You gotta lose your mind for newfound Rock City
This is easily the best news I've seen in a while: Rock archaelogists have unearthed a lost album by Rock City, the group that became Big Star when Alex Chilton joined. Big Star is, of course, the quintessential power-pop group and the biggest cult band in rock'n'roll outside the Velvet Underground, and the inspiration to groups such as R.E.M. and The Replacements. Most people probably come closest to having heard them through Cheap Trick's cover of "In The Street", which is the theme to That '70s Show. If you haven't heard them, run out of your house right now and down to the local record shop and buy a copy of their first two albums, which are conveniently collected on a single CD. Don't finish this sentence. Don't put on pants. Just go. Trust me.

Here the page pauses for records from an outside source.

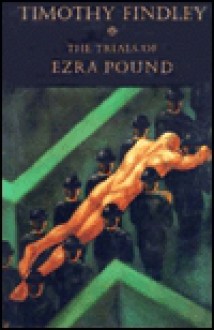 The Trials of Ezra Pound - Timothy Findley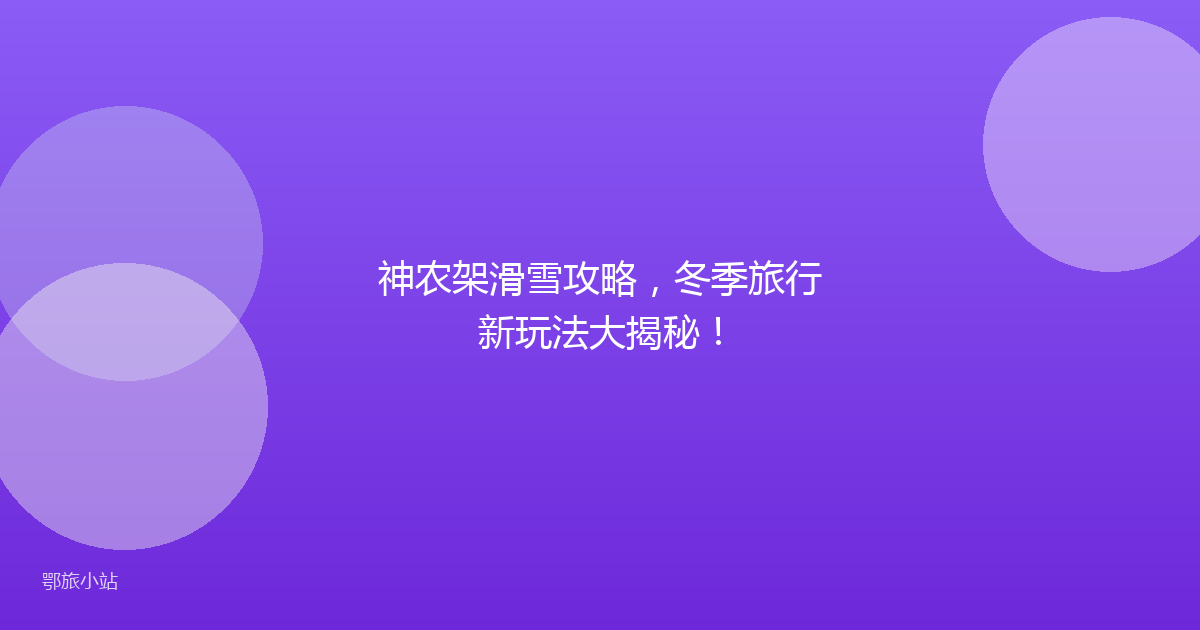神农架滑雪攻略，冬季旅行新玩法大揭秘！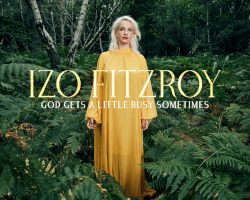 Izo Fitzroy - God Gets A Little Busy Sometimes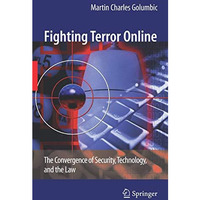 Fighting Terror Online: The Convergence of Security, Technology, and the Law [Hardcover]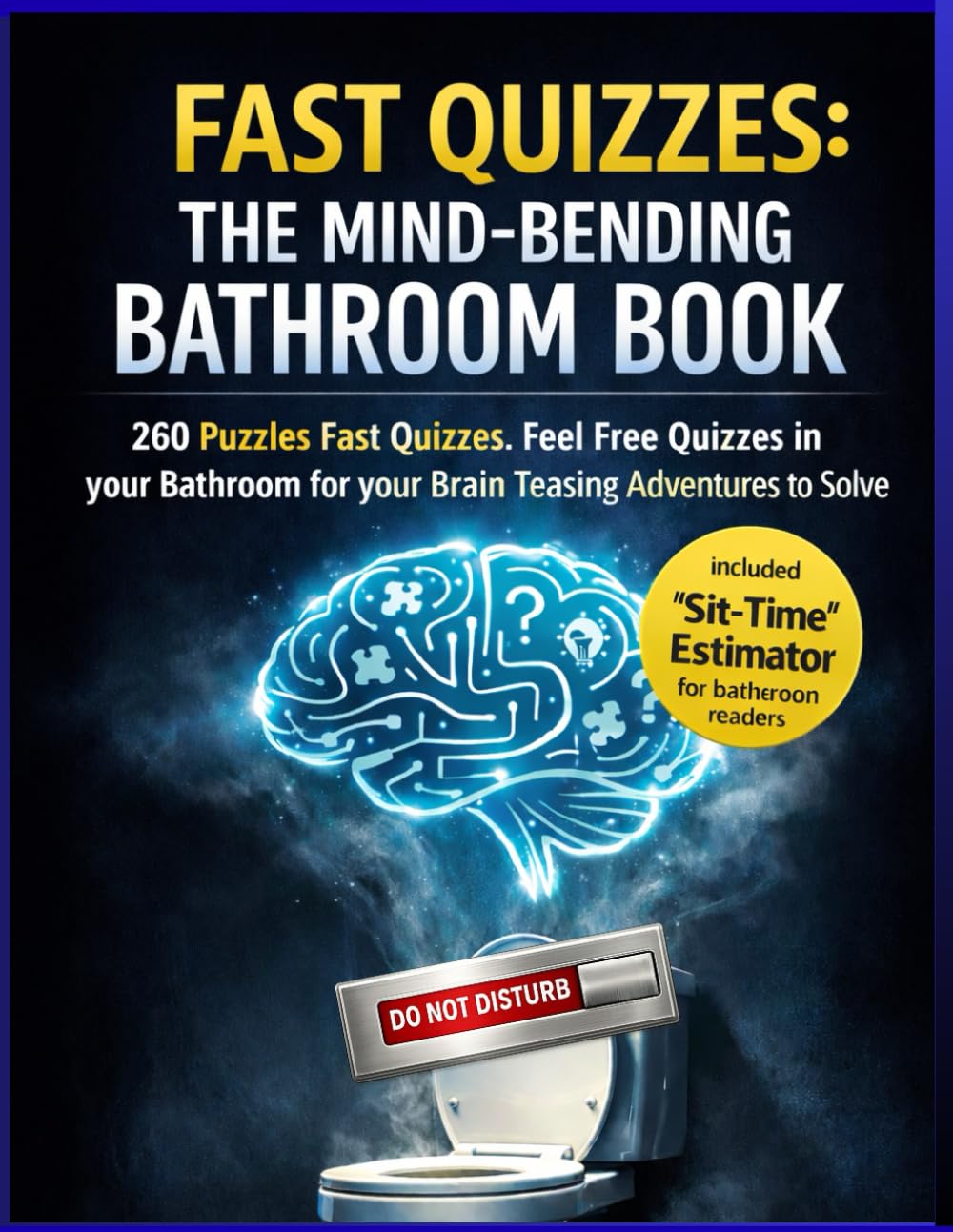 FAST QUIZZES: The Mind-Bending Bathroom Book: 260 Puzzles Fast Quizzes. Feel Free Quizzes in your Bathroom for your Brain Teasing Adventures to Solve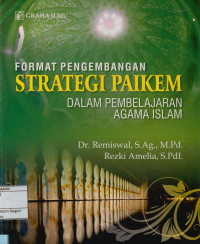 Image of Format pengembangan strategi paikem dalam pembelajaran pendidikan agama Islam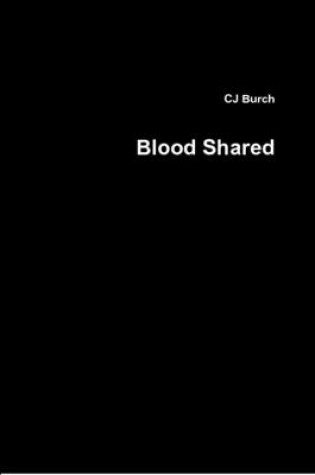 Cover of Blood Shared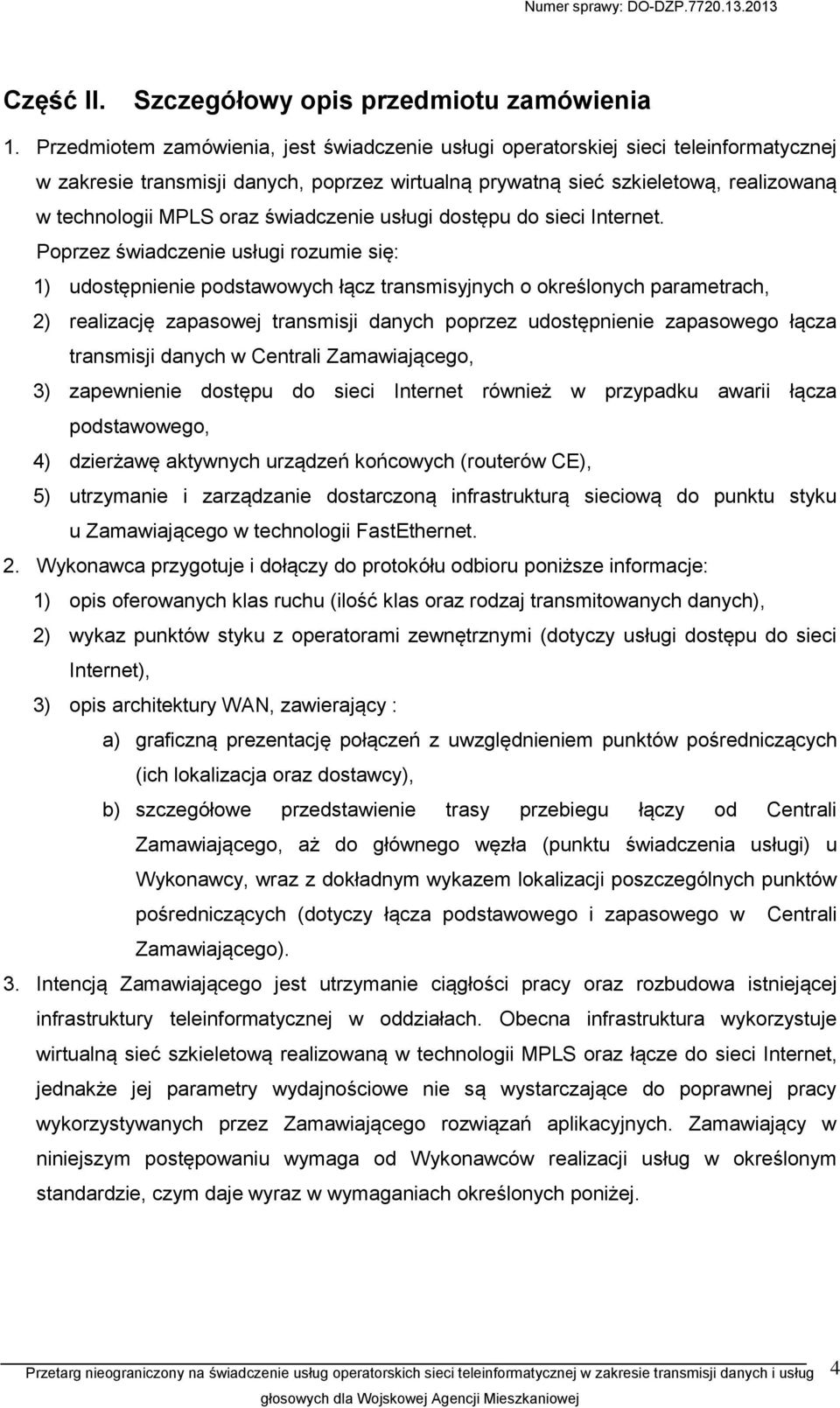 świadczenie usługi dostępu do sieci Internet.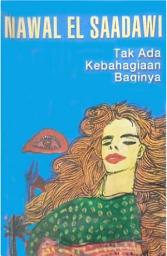 Icon image Tak Ada Kebahagiaan Baginya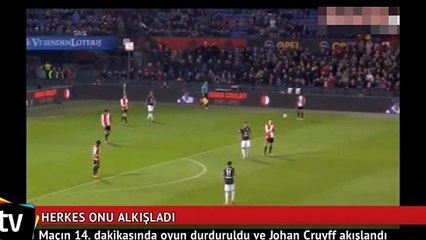 Maç durdu herkes  onu alkışladı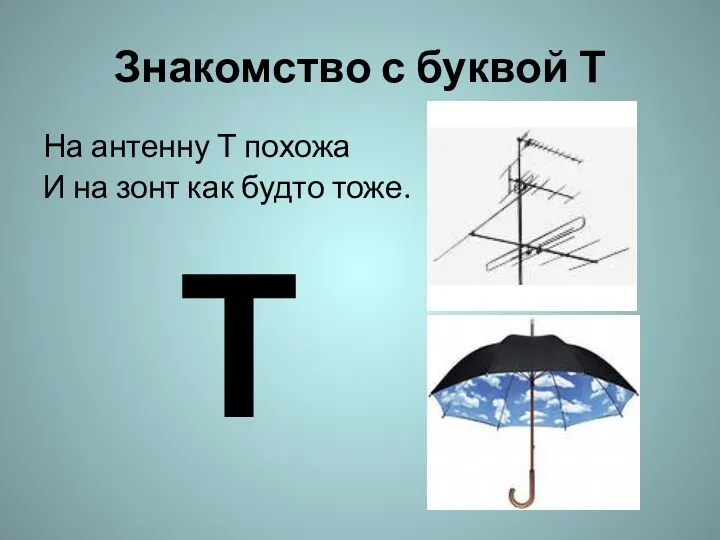 Знакомство с буквой Т На антенну Т похожа И на зонт как будто тоже. Т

This is simply fantastic news. It's like finding a lost Beatles album from before John Lennon joined the band or something like that (and I know John Lennon didn't actually join after the other guys; just work with me here for a minute), except that Big Star laboured in obscurity only for a couple of albums before breaking up. I make this comparison because Big Star, like the Beatles, was a group with two main creative forces: Alex Chilton and Chris Bell. (And, of course, the Beatles were a big influence on Big Star.) Hearing this will help give a clearer idea of just what each man brought to the table. Big Star was also like the Beatles in that each was more than the sum of its parts, but -- oh -- what parts! I imagine this will be the perfect companion piece to Chilton's 1970, which was recorded at pretty much the same time.
Simply put, the Big Star canon is an essential purchase for the true believers who worship rock and roll. And this is the Dead Sea Scrolls. And I'm totally in pretentious rock-writer mode or something.